By 15 November, 2011 1 Comments Read More →

Russia Defeats Investment Arbitration Claim Arising Out of Soviet-time Trade Debt

This summer an UNCITRAL tribunal sitting in Stockholm held that it had no jurisdiction over a case submitted by Italian company Cesare Galdabini under Italy-Russian Federation BIT. According to media reports the claim arose out Russian Federation refusal to settle a debt owed for  EUR 278’000 worth of equipment, which Galdabini supplied in the end of 80s to one of Soviet foreign trading enterprises for the ultimate benefit of VAZ.

This case is interesting for several reasons. First, while the award was not made public we understand that the tribunal held that Galdabini’s account receivable did not qualify as an investment.  Given that Italy-Russian Federation BIT contains a rather generic definition of investment this award may contribute to the developing case-law on the definition of investment in non-ICSID disputes. Secondly, according to media reports other creditors hold around USD 200-300 mln of similar debts and this award further augments the position of the Russian Federation with respect to them.

The Cesare Galdabini case highlighted the debate over the legal definition of investment in international investment law.

The debate over what constitutes an investment has been going on for years. It all began with Fedax v. Venezuela and Salini v. Morocco where the tribunals held that in order to qualify as an investments under the ICSID Convention the asset had to conform to a number of criteria including contribution to the development. Later, this reasoning was slightly limited by the Annulment Committee decision in MHS v. Malaysia, which however accepted that criteria of contribution of assets  and assumption of risks were inherent to the notion of “investment” under the ICSID. This however was limited to ICSID cases and it was not seriously considered to what extent same criteria should be applied in non-ICSID arbitrations.

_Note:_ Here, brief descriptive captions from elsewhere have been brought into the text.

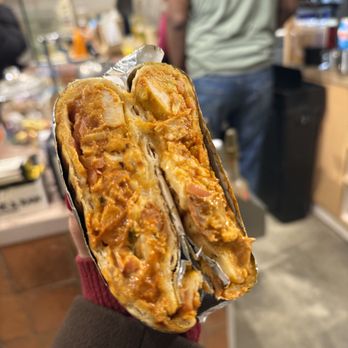 Fontys Deli Dukaan - Sandwiches Near Me - New York, New York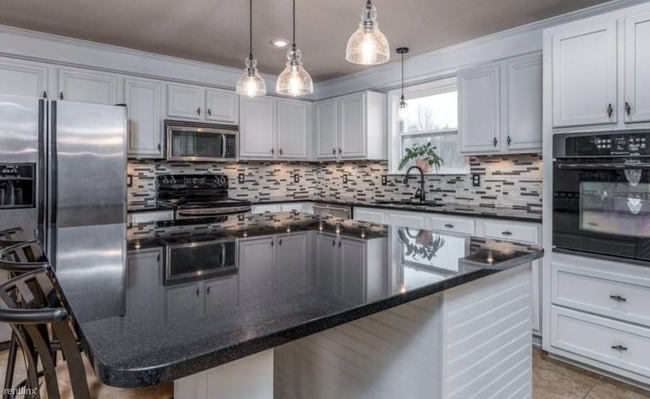 Building Photo - 4 br, 3 bath House - 601 Jeans Cir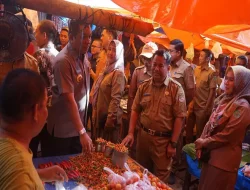 Tinjau Bahan Pokok di Pasar Rappang, Idham: Stok Memadai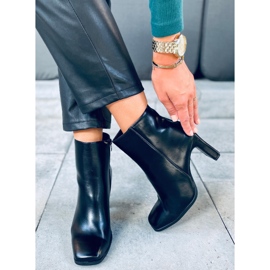 Madison Black Pu high heels 2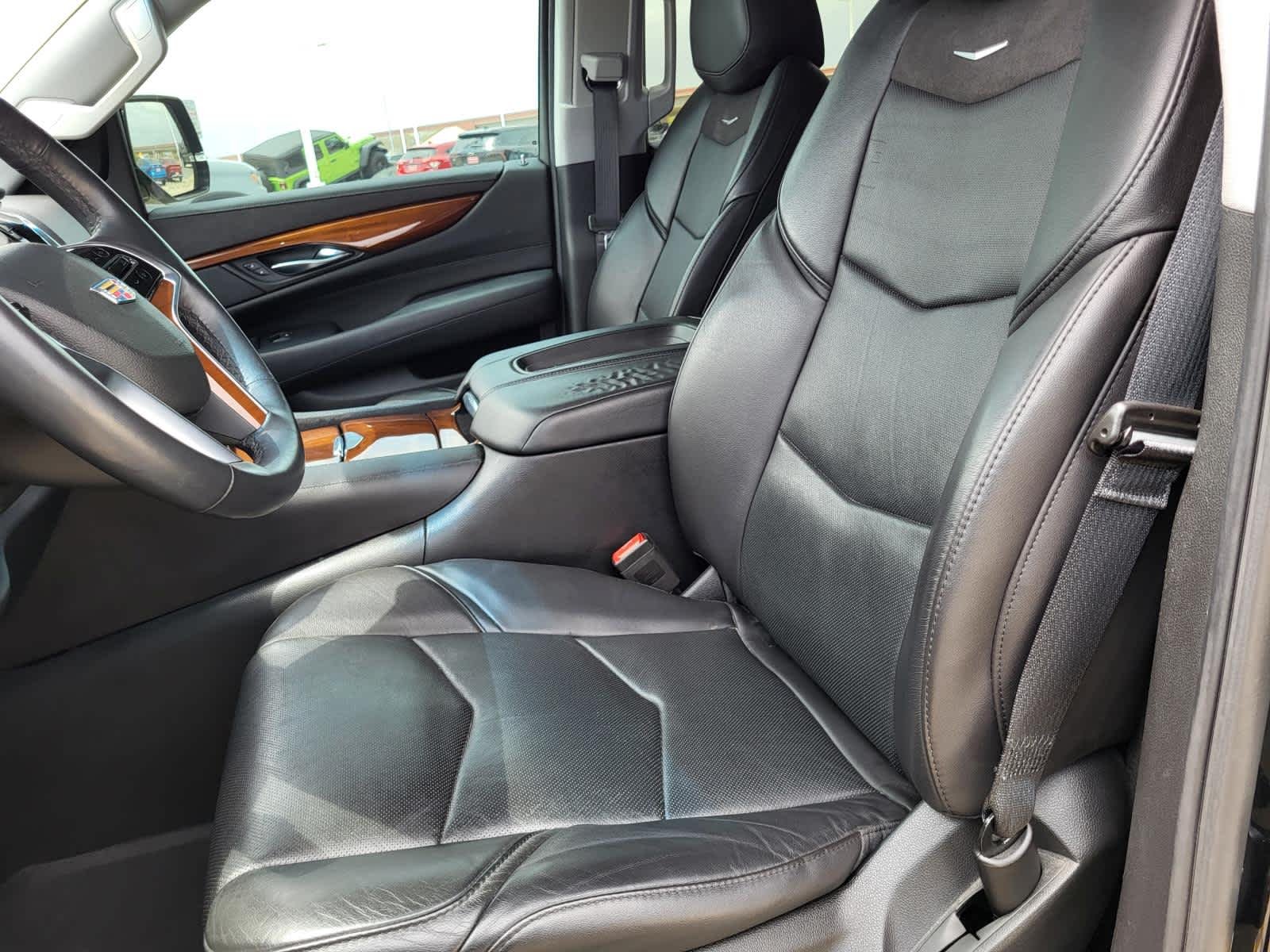 Used 2018 Black Raven Cadillac  image 16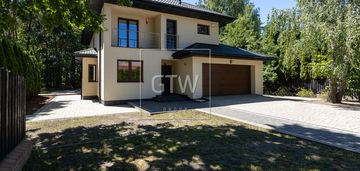 Dom otoczony lasem, 2012 r. wola krobowska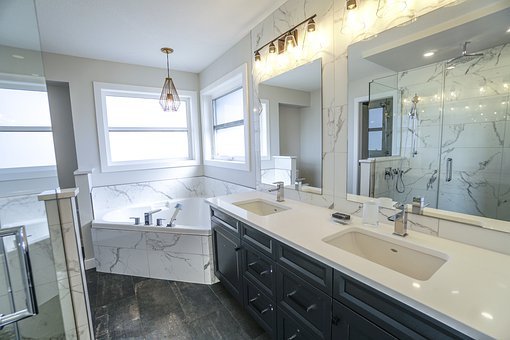 Bathroom-Cleaning--in-Hialeah-Florida-Bathroom-Cleaning-1537704-image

Unlike ICSID most BITs contain broadly framed definitions most of which do not spell any economic criteria. However, in 2009 an UNCITRAL tribunal held in Romak SA v. Uzbekistan that the notion of investment has inherent meaning even if defined in a BIT. It went on to hold that the parties to the BIT may agree to give any meaning to this term, but if the definition is open-ended and does not expressly exclude inherent characteristics of investment such characteristics survive. Based on this logic, it held that claims of a Swiss company under wheat supply agreement do not qualify as investments.

Though the full text of the award in Cesare Galdabini v. Russian Federation is not available sources agree that the jurisdiction was refused because the tribunal decided that the claimant had no investment. However, the precise reason is unclear. According to the press-release of the Russian Ministry of Finance this was due to “decentralized financing” of the supply agreement in question, whereas Moscow News, a Russian daily newspaper, refers to a source which claims that the tribunal’s decision was influenced by the fact that the debt was assigned from a state entity to VAZ, a private company. Given that the debt arose essentially out of a supply contract one may speculate that the tribunal followed the logic of Romak tribunal.

It is not clear whether the full text of the award would be released. Earlier awards became available because one of the parties challenged them in Swedish courts, however according to IA Reporter there is no information of challenge being lodged in this case.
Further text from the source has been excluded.